3

I'm trying to figure out how css pseudo-classes like not:() and has:() work in the following cases.

The following selector is not supposed to print 27A-TAX DISTRICT 27A but it does print it:

from bs4 import BeautifulSoup

htmlelement = """
<tbody>
  <tr style="">
     <td><a>27A-TAX DISTRICT</a> 27A</td>
  </tr>

  <tr style="">
     <td><strong>Parcel Number</strong> 720</td>
  </tr>
</tbody>
"""
soup = BeautifulSoup(htmlelement,"lxml")
item = soup.select_one("tr:not(a)").text
print(item)

On the other hand, the following selector is supposed to print I should be printed but it throws AttributeError error.

from bs4 import BeautifulSoup

htmlelement = """
<p class="vital">I should be printed</p>
<p>I should not be printed</p>
"""
soup = BeautifulSoup(htmlelement,"lxml")
item = soup.select_one("p:has(.vital)").text
print(item)

Where I'm going wrong and how can I make them work?

MITHU
  • 113
  • 3
  • 12
  • 41
  • Possible duplicate of [Test if an attribute is present in a tag in BeautifulSoup](https://stackoverflow.com/questions/5015483/test-if-an-attribute-is-present-in-a-tag-in-beautifulsoup) – Zaraki Kenpachi Jun 27 '19 at 13:08
  • I don't think that it's a duplicate – RomanPerekhrest Jun 27 '19 at 13:15
  • If you think this post to be a duplicate one then you should know the reason why my script is behaving otherwise @Zaraki Kenpachi. What is it then? – MITHU Jun 27 '19 at 13:16
  • This is not a duplicate. The user is simply asking about there misunderstanding of how `:has()` and `:not()` operate.
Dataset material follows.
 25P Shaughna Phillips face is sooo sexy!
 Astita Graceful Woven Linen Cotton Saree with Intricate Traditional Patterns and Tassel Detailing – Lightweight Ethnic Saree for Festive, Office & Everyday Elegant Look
Confusion is due to a misunderstanding of how `:has()` and `:not()` actually operate which I have addressed in an answer below. – facelessuser Jun 27 '19 at 13:23

1 Answers1

4

Unfortunately, your understanding of what :not() and :has() does is most likely not correct.

In your first example, you use:

soup.select_one("tr:not(a)").text

The way you are using it will select every tr. This is because it is saying "I want a tr tag that is not an a tag. tr tags are never a tags so your code always grabs the text of any tr tag, including the one that contains 27A-TAX DISTRICT.

If you want tr tags that don't have a tags, then you could use:

soup.select_one("tr:not(:has(a))").text

What this says is "I want a tr tag that does not have a descendant a tag".

For more info read:


This leads us to your second issue. :has() is a relational selector. In your second example, you used:

soup.select_one("p:has(.vital)").text

:has() looks ahead at either children, descendants, or sibling (depending on the syntax you use) to determine if the tag is the the one you want.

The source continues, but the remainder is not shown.